• Short web captions:
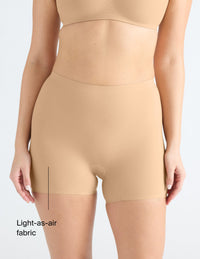 Light-as-air fabric | General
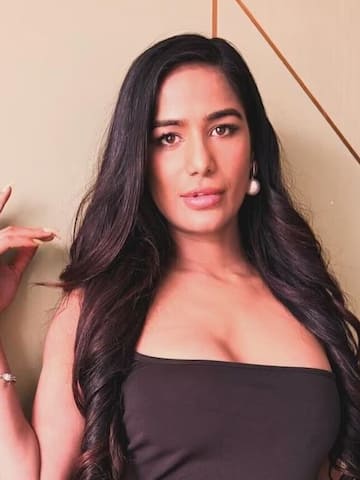 Poonam Pandey sued over 'faking' death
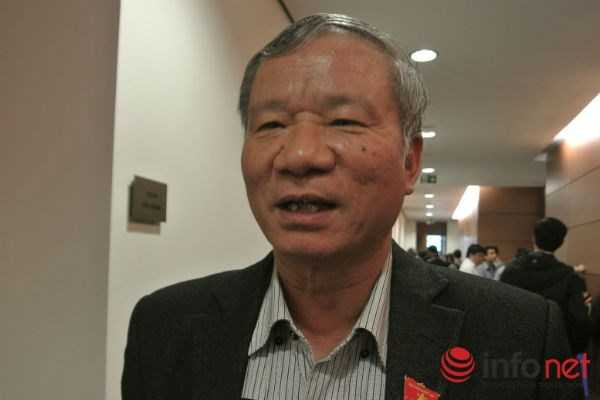 Tranh cãi khu nghỉ dưỡng ở Hải Vân: Thừa Thiên Huế có bị 'truy' trách nhiệm?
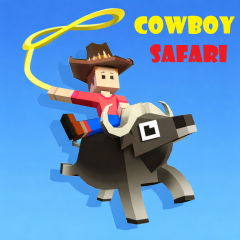 Cowboy Safari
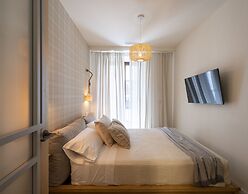 Palatina Concept Suites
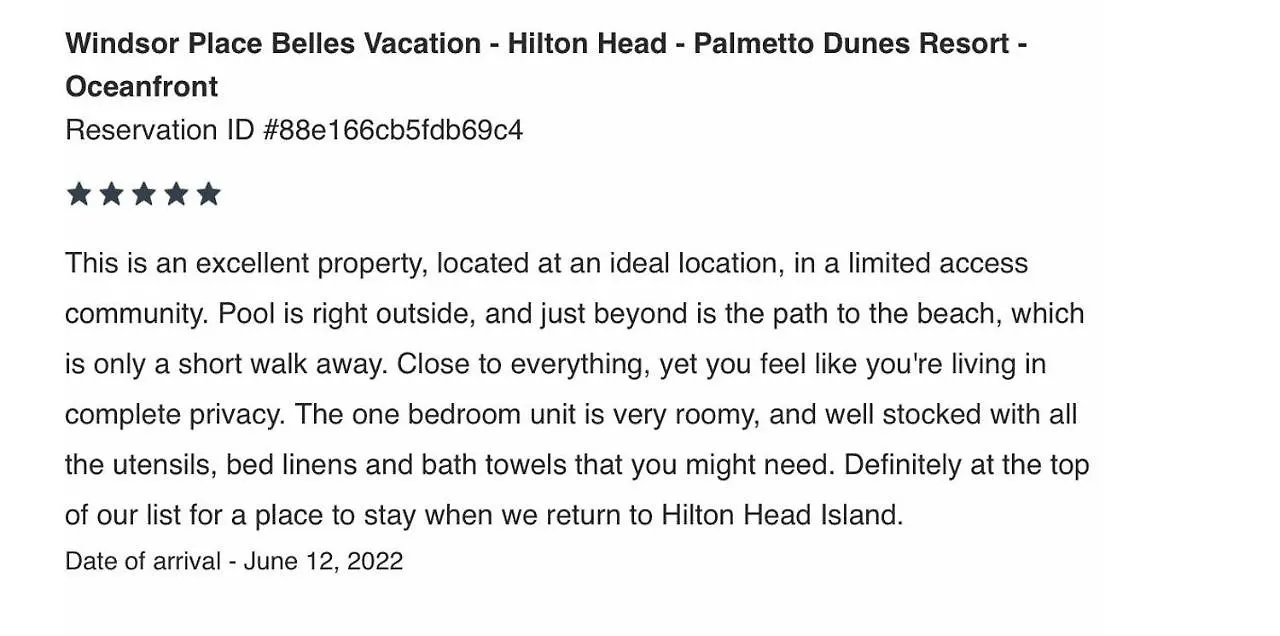 別荘 Windsor Place - Palmetto Dunes - Oceanfront. Pools.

• Exercise objective: I need the lines from the one containing "Poonam Pandey sued over 'faking' death" through the end of the records retyped exactly, with the pictures left out.

• Result of this exercise:
 Poonam Pandey sued over 'faking' death
 Tranh cãi khu nghỉ dưỡng ở Hải Vân: Thừa Thiên Huế có bị 'truy' trách nhiệm?
 Cowboy Safari
 Palatina Concept Suites
 別荘 Windsor Place - Palmetto Dunes - Oceanfront. Pools.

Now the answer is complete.